=== WHAT YOU ARE ASKED TO DO ===
Each line of the material should be retyped without alteration.

=== ENTRIES SHOWN ===
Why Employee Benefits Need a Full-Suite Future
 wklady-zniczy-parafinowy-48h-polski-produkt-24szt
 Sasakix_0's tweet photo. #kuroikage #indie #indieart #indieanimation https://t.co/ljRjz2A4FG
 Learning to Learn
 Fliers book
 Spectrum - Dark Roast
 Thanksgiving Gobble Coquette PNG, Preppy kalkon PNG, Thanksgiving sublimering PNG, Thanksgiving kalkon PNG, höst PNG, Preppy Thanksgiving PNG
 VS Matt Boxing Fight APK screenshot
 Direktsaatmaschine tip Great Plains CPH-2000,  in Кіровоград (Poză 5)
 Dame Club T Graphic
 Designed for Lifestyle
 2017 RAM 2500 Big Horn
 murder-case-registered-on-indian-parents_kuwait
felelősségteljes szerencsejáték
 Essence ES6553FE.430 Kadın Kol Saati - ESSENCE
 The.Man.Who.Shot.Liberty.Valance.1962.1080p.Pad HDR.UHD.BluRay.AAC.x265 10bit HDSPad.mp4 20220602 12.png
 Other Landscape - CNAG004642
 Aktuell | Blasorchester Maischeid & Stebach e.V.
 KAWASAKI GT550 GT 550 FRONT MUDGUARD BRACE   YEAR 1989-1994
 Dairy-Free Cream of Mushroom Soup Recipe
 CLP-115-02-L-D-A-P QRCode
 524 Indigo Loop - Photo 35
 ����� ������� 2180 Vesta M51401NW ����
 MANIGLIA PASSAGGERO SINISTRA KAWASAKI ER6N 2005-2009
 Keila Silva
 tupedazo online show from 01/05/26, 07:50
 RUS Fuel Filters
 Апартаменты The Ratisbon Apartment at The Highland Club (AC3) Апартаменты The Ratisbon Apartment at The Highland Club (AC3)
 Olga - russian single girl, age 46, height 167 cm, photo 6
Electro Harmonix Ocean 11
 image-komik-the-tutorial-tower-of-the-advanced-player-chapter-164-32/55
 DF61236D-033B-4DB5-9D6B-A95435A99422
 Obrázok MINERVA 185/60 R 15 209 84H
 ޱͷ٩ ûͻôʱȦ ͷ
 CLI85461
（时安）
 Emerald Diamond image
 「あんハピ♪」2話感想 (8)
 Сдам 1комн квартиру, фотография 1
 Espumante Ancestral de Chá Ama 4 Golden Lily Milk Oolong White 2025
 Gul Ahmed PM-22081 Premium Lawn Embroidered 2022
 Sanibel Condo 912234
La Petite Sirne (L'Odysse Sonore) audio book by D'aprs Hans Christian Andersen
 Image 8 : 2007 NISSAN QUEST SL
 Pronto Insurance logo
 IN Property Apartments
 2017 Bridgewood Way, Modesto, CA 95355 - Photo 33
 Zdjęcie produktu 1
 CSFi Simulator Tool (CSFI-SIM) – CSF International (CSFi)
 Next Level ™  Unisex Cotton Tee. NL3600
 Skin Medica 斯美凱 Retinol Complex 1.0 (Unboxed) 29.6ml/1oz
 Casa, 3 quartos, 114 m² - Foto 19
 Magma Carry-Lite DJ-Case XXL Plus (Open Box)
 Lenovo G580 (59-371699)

=== RESULT ===
Why Employee Benefits Need a Full-Suite Future
 wklady-zniczy-parafinowy-48h-polski-produkt-24szt
 Sasakix_0's tweet photo. #kuroikage #indie #indieart #indieanimation https://t.co/ljRjz2A4FG
 Learning to Learn
 Fliers book
 Spectrum - Dark Roast
 Thanksgiving Gobble Coquette PNG, Preppy kalkon PNG, Thanksgiving sublimering PNG, Thanksgiving kalkon PNG, höst PNG, Preppy Thanksgiving PNG
 VS Matt Boxing Fight APK screenshot
 Direktsaatmaschine tip Great Plains CPH-2000,  in Кіровоград (Poză 5)
 Dame Club T Graphic
 Designed for Lifestyle
 2017 RAM 2500 Big Horn
 murder-case-registered-on-indian-parents_kuwait
felelősségteljes szerencsejáték
 Essence ES6553FE.430 Kadın Kol Saati - ESSENCE
 The.Man.Who.Shot.Liberty.Valance.1962.1080p.Pad HDR.UHD.BluRay.AAC.x265 10bit HDSPad.mp4 20220602 12.png
 Other Landscape - CNAG004642
 Aktuell | Blasorchester Maischeid & Stebach e.V.
 KAWASAKI GT550 GT 550 FRONT MUDGUARD BRACE   YEAR 1989-1994
 Dairy-Free Cream of Mushroom Soup Recipe
 CLP-115-02-L-D-A-P QRCode
 524 Indigo Loop - Photo 35
 ����� ������� 2180 Vesta M51401NW ����
 MANIGLIA PASSAGGERO SINISTRA KAWASAKI ER6N 2005-2009
 Keila Silva
 tupedazo online show from 01/05/26, 07:50
 RUS Fuel Filters
 Апартаменты The Ratisbon Apartment at The Highland Club (AC3) Апартаменты The Ratisbon Apartment at The Highland Club (AC3)
 Olga - russian single girl, age 46, height 167 cm, photo 6
Electro Harmonix Ocean 11
 image-komik-the-tutorial-tower-of-the-advanced-player-chapter-164-32/55
 DF61236D-033B-4DB5-9D6B-A95435A99422
 Obrázok MINERVA 185/60 R 15 209 84H
 ޱͷ٩ ûͻôʱȦ ͷ
 CLI85461
（时安）
 Emerald Diamond image
 「あんハピ♪」2話感想 (8)
 Сдам 1комн квартиру, фотография 1
 Espumante Ancestral de Chá Ama 4 Golden Lily Milk Oolong White 2025
 Gul Ahmed PM-22081 Premium Lawn Embroidered 2022
 Sanibel Condo 912234
La Petite Sirne (L'Odysse Sonore) audio book by D'aprs Hans Christian Andersen
 Image 8 : 2007 NISSAN QUEST SL
 Pronto Insurance logo
 IN Property Apartments
 2017 Bridgewood Way, Modesto, CA 95355 - Photo 33
 Zdjęcie produktu 1
 CSFi Simulator Tool (CSFI-SIM) – CSF International (CSFi)
 Next Level ™  Unisex Cotton Tee. NL3600
 Skin Medica 斯美凱 Retinol Complex 1.0 (Unboxed) 29.6ml/1oz
 Casa, 3 quartos, 114 m² - Foto 19
 Magma Carry-Lite DJ-Case XXL Plus (Open Box)
 Lenovo G580 (59-371699)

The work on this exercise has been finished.